▶ **TASK PROMPT**:
Word for word, set down the lines from the one that contains "So that's that." through the final line of the data; no pictures belong in the copy.

▶ **DATA SEGMENT**:
--- START ---

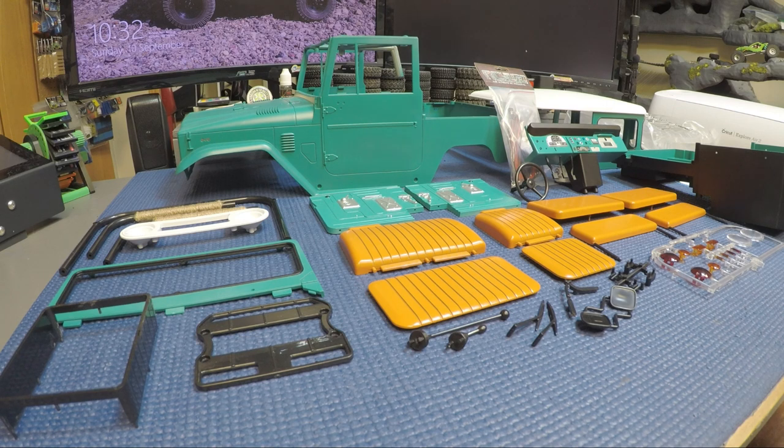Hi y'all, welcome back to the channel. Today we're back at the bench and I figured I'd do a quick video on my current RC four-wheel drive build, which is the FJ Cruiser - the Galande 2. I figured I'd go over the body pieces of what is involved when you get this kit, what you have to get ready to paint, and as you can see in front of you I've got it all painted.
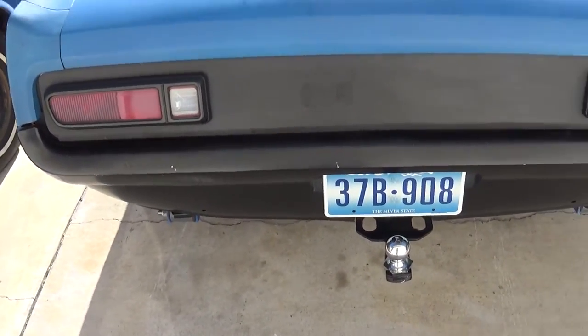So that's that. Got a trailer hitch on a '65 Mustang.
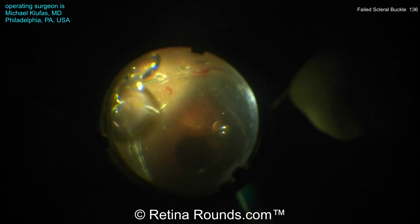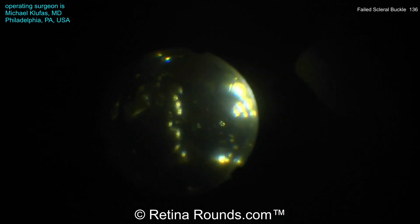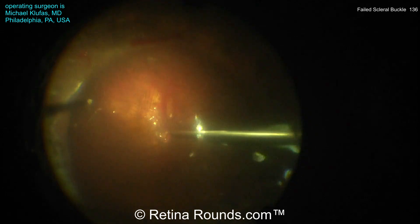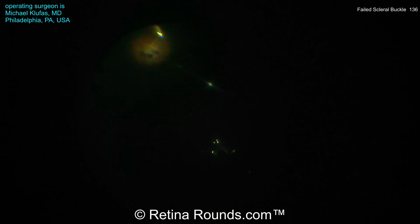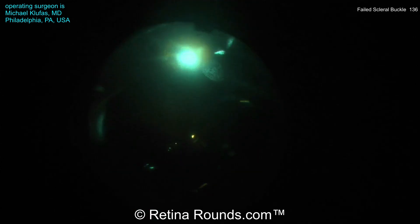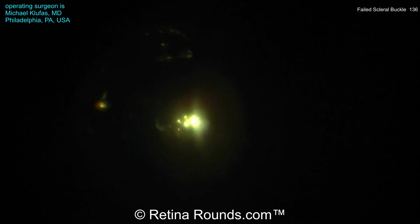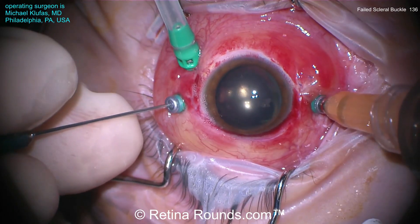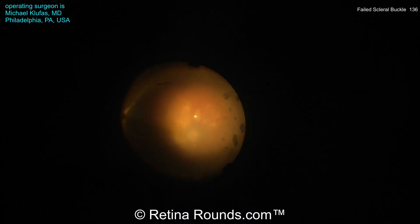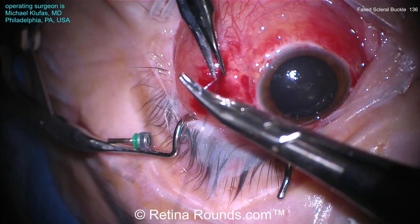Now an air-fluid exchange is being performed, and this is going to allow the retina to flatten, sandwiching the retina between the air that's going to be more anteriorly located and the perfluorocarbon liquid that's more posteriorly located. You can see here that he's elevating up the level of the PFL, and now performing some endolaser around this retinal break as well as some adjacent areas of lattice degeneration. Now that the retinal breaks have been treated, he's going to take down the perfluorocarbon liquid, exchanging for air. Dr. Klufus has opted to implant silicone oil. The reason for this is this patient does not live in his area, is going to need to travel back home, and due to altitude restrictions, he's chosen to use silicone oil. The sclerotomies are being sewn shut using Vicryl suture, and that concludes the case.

--- END ---

▶ **OUTPUT FOR THIS TASK**:
So that's that. Got a trailer hitch on a '65 Mustang.
Now an air-fluid exchange is being performed, and this is going to allow the retina to flatten, sandwiching the retina between the air that's going to be more anteriorly located and the perfluorocarbon liquid that's more posteriorly located. You can see here that he's elevating up the level of the PFL, and now performing some endolaser around this retinal break as well as some adjacent areas of lattice degeneration. Now that the retinal breaks have been treated, he's going to take down the perfluorocarbon liquid, exchanging for air. Dr. Klufus has opted to implant silicone oil. The reason for this is this patient does not live in his area, is going to need to travel back home, and due to altitude restrictions, he's chosen to use silicone oil. The sclerotomies are being sewn shut using Vicryl suture, and that concludes the case.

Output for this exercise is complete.